REQUIRED ACTION –
Without including any pictures, copy every line below exactly.

DATA –
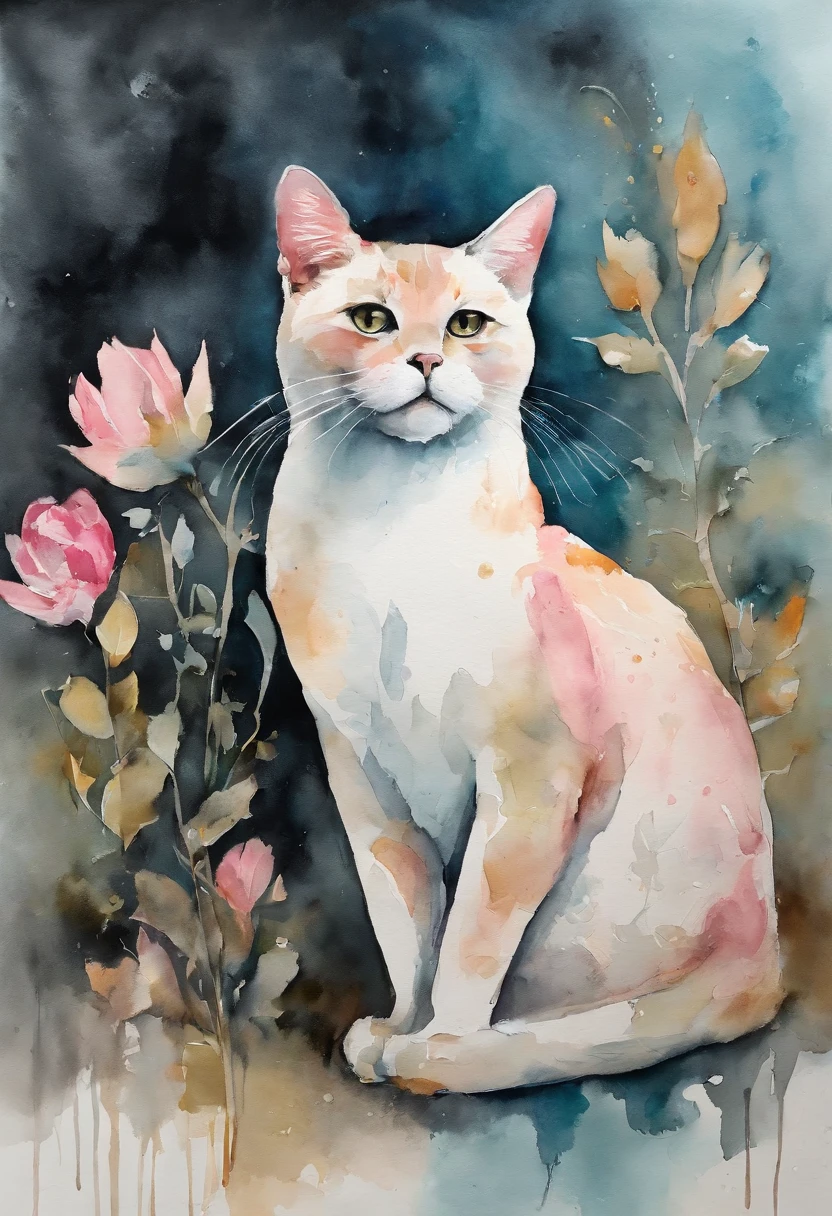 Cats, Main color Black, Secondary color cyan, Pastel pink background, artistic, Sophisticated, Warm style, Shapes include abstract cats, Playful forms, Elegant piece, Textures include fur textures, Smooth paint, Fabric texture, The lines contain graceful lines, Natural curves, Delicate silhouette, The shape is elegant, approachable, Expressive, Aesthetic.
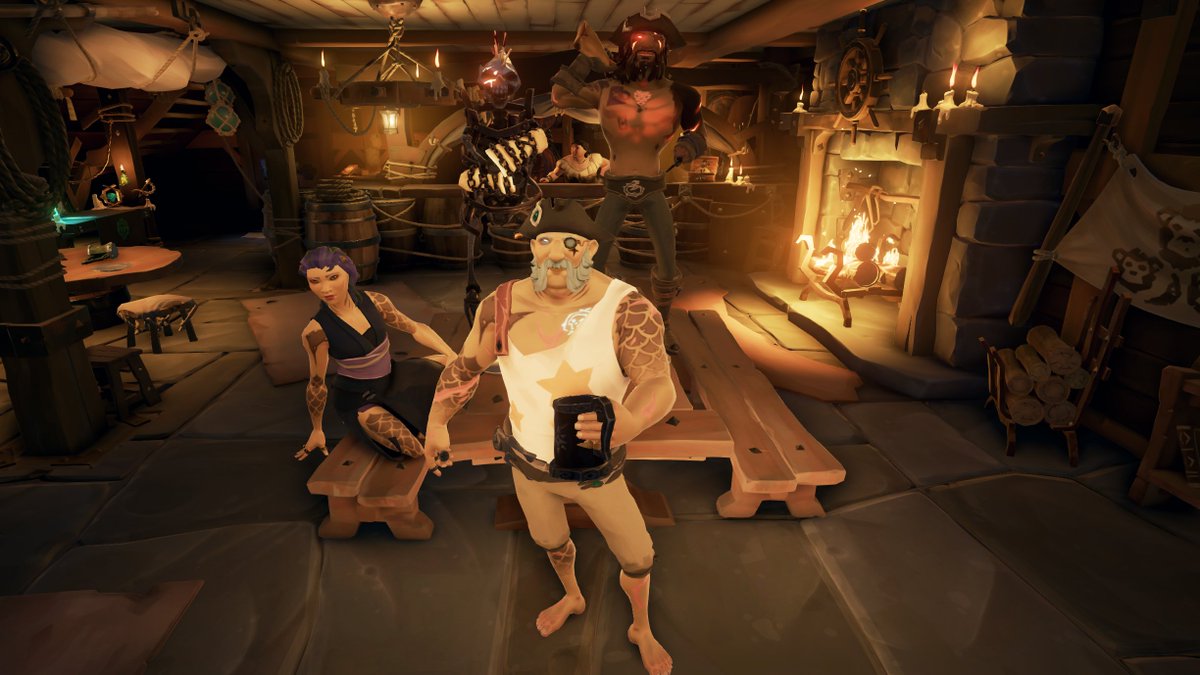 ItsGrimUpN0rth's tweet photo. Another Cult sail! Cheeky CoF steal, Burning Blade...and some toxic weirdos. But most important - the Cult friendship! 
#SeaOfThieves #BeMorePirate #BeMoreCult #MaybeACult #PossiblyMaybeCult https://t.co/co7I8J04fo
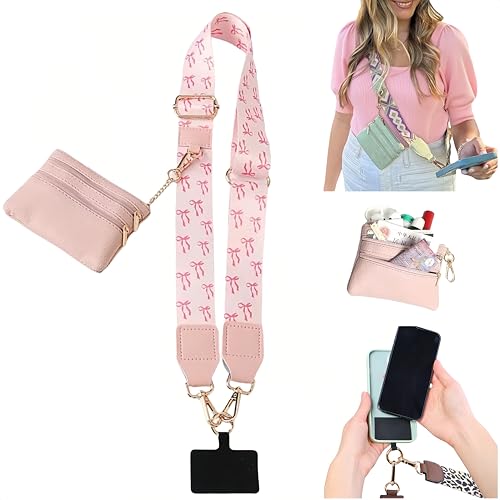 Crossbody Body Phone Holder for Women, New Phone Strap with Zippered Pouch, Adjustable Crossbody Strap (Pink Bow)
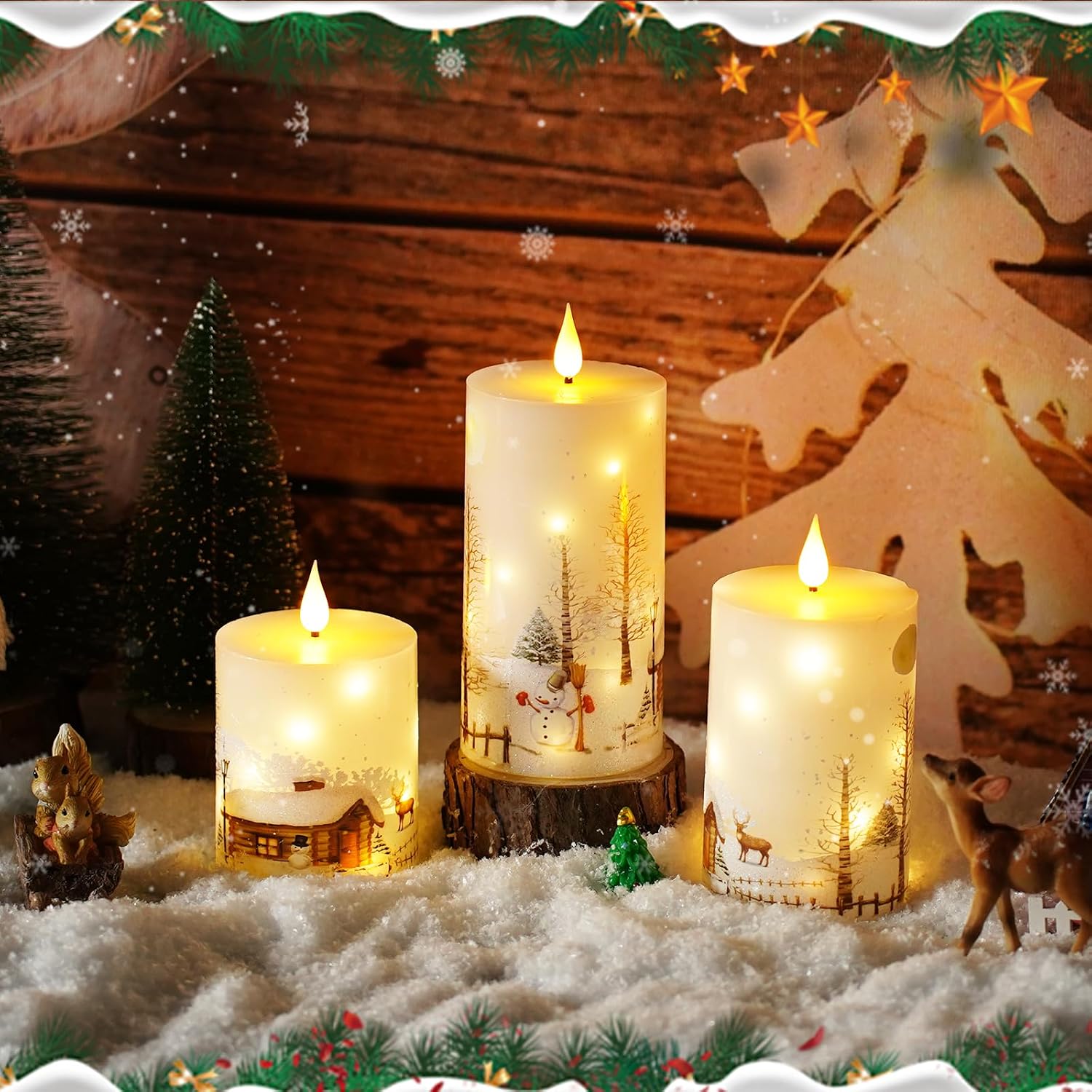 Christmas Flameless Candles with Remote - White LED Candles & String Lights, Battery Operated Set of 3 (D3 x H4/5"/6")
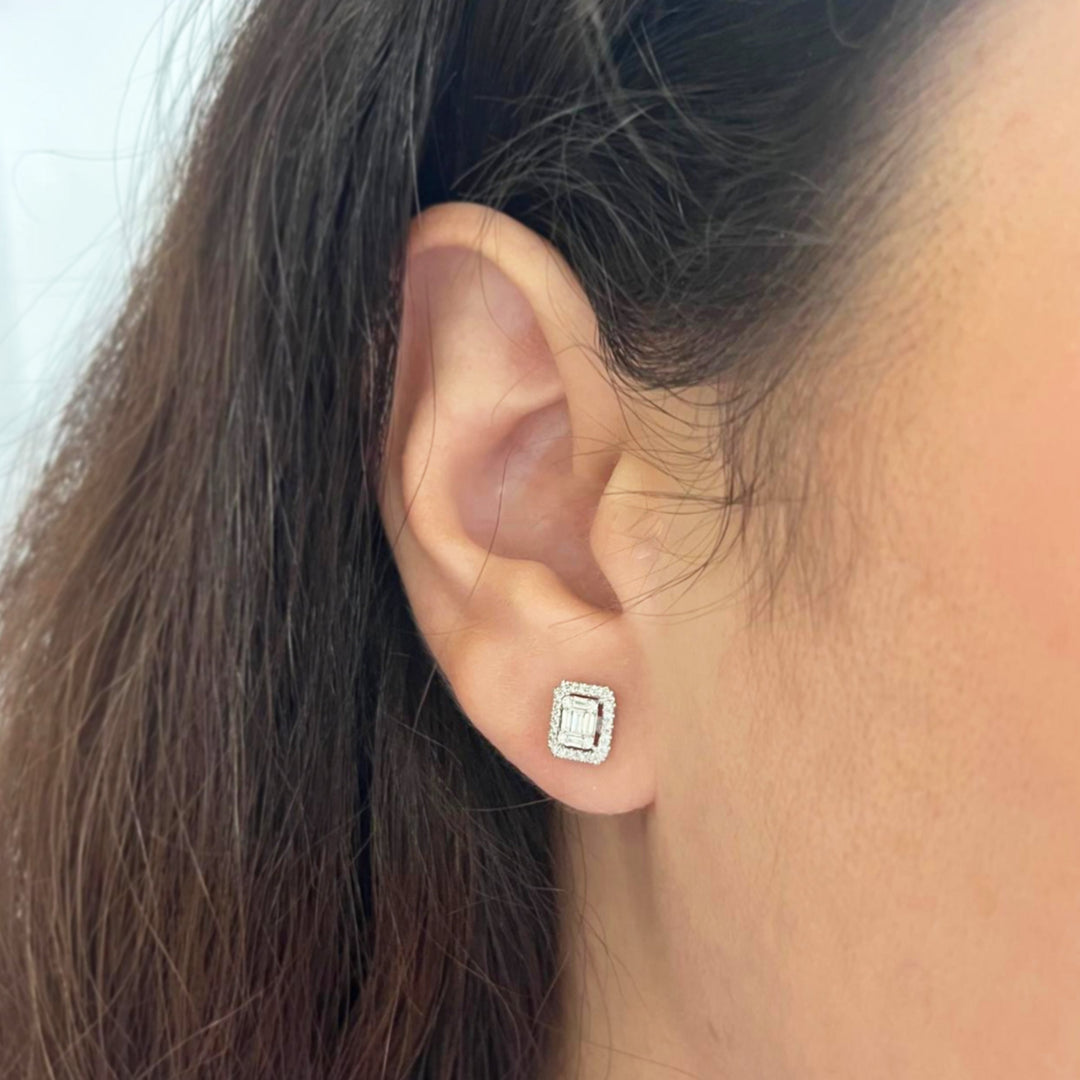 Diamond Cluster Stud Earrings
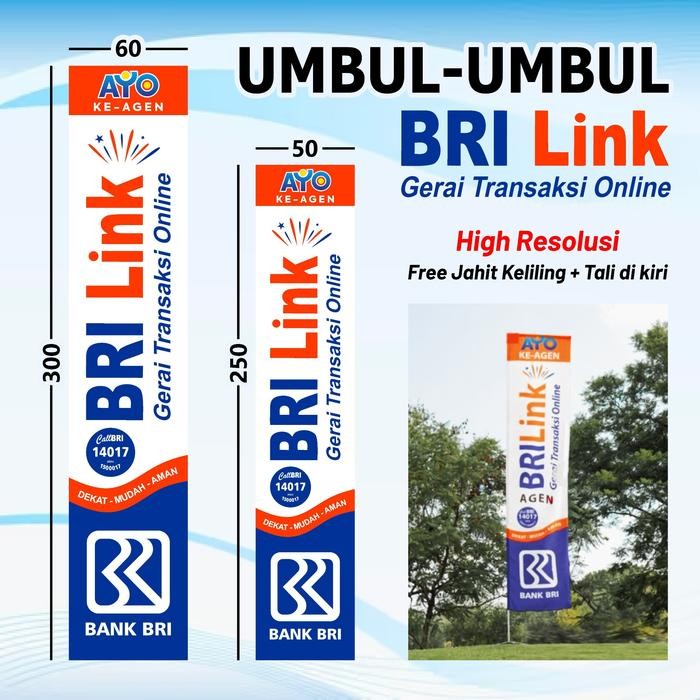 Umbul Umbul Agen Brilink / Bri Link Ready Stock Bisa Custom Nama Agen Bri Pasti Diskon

OUTPUT BELOW –
 Cats, Main color Black, Secondary color cyan, Pastel pink background, artistic, Sophisticated, Warm style, Shapes include abstract cats, Playful forms, Elegant piece, Textures include fur textures, Smooth paint, Fabric texture, The lines contain graceful lines, Natural curves, Delicate silhouette, The shape is elegant, approachable, Expressive, Aesthetic.
 ItsGrimUpN0rth's tweet photo. Another Cult sail! Cheeky CoF steal, Burning Blade...and some toxic weirdos. But most important - the Cult friendship! 
#SeaOfThieves #BeMorePirate #BeMoreCult #MaybeACult #PossiblyMaybeCult https://t.co/co7I8J04fo
 Crossbody Body Phone Holder for Women, New Phone Strap with Zippered Pouch, Adjustable Crossbody Strap (Pink Bow)
 Christmas Flameless Candles with Remote - White LED Candles & String Lights, Battery Operated Set of 3 (D3 x H4/5"/6")
 Diamond Cluster Stud Earrings
 Umbul Umbul Agen Brilink / Bri Link Ready Stock Bisa Custom Nama Agen Bri Pasti Diskon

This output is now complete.